With Face ID, Apple has implemented a secondary system that exclusively looks out for attempts to fool the technology. Both the authentication and spoofing defence are based on machine learning, but while the former is trained to identify individuals from their faces, the latter is used to look for telltale signs of cheating.
“An additional neural network that’s trained to spot and resist spoofing defends against attempts to unlock your phone with photos or masks,” the company says. If a completely perfect mask is made, which fools the identification neural network, the defensive system will still notice – just like a human.
Apple is also confident that it won’t fall prey to issues of algorithmic bias that have plagued many attempts to use neural networks at scale. High-profile examples of such failures include the photo-labelling system that ltagged black people as gorillas, or the word-association model which states that men are computer programmers and women are homemakers.
Whenever its initial training exposed a demographic shortcoming, Apple says, it “augmented the studies as needed to provide a high degree of accuracy for a diverse range of users”. Time – and millions of people around the world using the technology – will tell whether the effort worked, but the company sounds confident.
One area the system will struggle with, however, is facial coverings. Apple says that “Face ID is designed to work with hats, scarves, glasses, contact lenses and many sunglasses,” but ultimately two things dictate whether or not it has a chance of success. The first is whether the coverings are transparent to infrared light, and the second whether the system can see the eyes, nose and mouth.
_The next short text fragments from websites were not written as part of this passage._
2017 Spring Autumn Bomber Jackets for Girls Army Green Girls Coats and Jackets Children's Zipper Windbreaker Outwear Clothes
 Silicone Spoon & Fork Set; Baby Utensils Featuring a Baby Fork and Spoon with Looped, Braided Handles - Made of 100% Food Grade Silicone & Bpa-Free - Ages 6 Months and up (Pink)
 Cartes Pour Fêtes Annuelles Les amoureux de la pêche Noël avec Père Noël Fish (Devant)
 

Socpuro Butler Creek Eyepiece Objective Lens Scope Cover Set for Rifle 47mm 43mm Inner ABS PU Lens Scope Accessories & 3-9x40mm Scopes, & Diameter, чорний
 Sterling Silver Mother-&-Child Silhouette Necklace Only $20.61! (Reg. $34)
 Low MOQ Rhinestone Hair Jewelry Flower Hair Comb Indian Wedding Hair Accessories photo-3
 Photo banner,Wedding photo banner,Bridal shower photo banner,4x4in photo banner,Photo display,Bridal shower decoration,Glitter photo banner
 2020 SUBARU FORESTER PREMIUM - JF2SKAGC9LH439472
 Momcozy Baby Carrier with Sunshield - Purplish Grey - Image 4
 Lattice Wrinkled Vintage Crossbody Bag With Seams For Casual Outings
While some fabrics are more transparent to infrared than they may seem, that means iPhone users who cover their faces may be forced to rely on a passcode when out and about.
Separately, Apple has also confirmed that the depth-sensing technology included in the iPhone X is not allowed to be used by developers to create their own facial biometrics, a possibility which had concerned many privacy activists.
The depth sensor data is not directly available to developers, but the camera API now allows them to receive a pixel-by-pixel measure of how far features in an image are from the lens, a system intended to be used to enable image manipulation such as Apple’s own portrait mode.
That could theoretically be used to build a standalone authentication feature, albeit one that is less precise than Apple’s own, but the company has updated its App Store policies to prevent developers from attempting to do so. “You may not attempt, facilitate, or encourage others to identify anonymous users or reconstruct user profiles based on data collected from depth and/or facial mapping tools,” the company’s developer guidelines now state.